The perfect frugal early retiree. I observe this dynamic at work in the “frugal” and “early retirement” communities as well. Very quickly, an ideal forms. Small home. 15-year-old used econobox car. Better yet, bike 30 miles a day or use public transportation exclusively. At least two side hustles and your hobbies must consist of couponing, dumpster-diving, and visiting garage sales to resell on Amazon and eBay.

My goals is to not teach my children any specific ideal, but instead that the world is full of options. You don’t need to spend like everyone around you, and you don’t need to live like everyone around you.

I have to admit, I enjoy reading about extremes. You can learn a lot from people living at the extreme and it can help inspire a change within your life. The key is to not treat it like a religion (“gospel”). Pick and choose what works for you. It shouldn’t feel like you’re in a cult. Otherwise, it’s conformity all over again.

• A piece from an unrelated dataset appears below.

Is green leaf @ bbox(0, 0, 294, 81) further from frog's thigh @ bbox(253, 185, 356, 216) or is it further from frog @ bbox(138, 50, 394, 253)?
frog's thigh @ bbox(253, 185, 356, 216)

Our family does not fit into any ideal. We have not optimized our life solely based on savings rates and early retirement. We chose to have three kids (higher expenses). We chose to work half-time instead of paying for daycare (lower net income). We intentionally spend more so that we can travel (supplemented by points and miles) and are also putting some funds aside some money for future education to take advantage of time and tax-exempt 529 growth (hopefully the kids will see this and appreciate compounding returns and long-term investing).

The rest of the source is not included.